Par ailleurs, M. de Richemont a présenté, à la fin de son rapport, un certain nombre de pistes de réflexion pour l'avenir. Je suis d'accord avec lui s'agissant, en particulier, du régime de l'accouchement sous X ou de la maternité pour autrui. Celle-ci est aujourd'hui prohibée en France, mais on sait qu'il suffit de franchir la frontière pour trouver des officines qui la proposent dans des conditions discutables. Que fait-on à cet égard ?

M. le rapporteur a en outre évoqué la question des reconnaissances prénatales. De manière générale, c'est probablement une bonne chose. On peut imaginer que, dans la très grande majorité des cas, c'est le fait d'un conjoint qui vit avec la future mère et veut clarifier les choses.
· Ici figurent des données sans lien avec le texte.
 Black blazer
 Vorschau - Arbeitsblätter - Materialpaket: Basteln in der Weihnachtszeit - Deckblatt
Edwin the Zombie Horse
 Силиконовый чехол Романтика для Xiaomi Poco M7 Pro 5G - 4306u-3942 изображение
M. Jean-Jacques Hyest,président de la commission des lois. Bien sûr !

M. Richard Yung. De ce point de vue, cela est positif. Cependant, il peut aussi s'agir, dans certains cas, d'une manoeuvre visant à nuire à la famille ou à la mère. Des abus sont donc possibles, et il faut peut-être encadrer le dispositif sur ce plan.

M. Jean-Jacques Hyest,président de la commission des lois. D'où l'amendement de M. de Richemont !

M. Richard Yung. En tout état de cause, le groupe socialiste approuve, pour l'essentiel, cette réforme sur le fond, en regrettant, il faut tout de même que je le dise, que l'on ait procédé par voie d'ordonnance.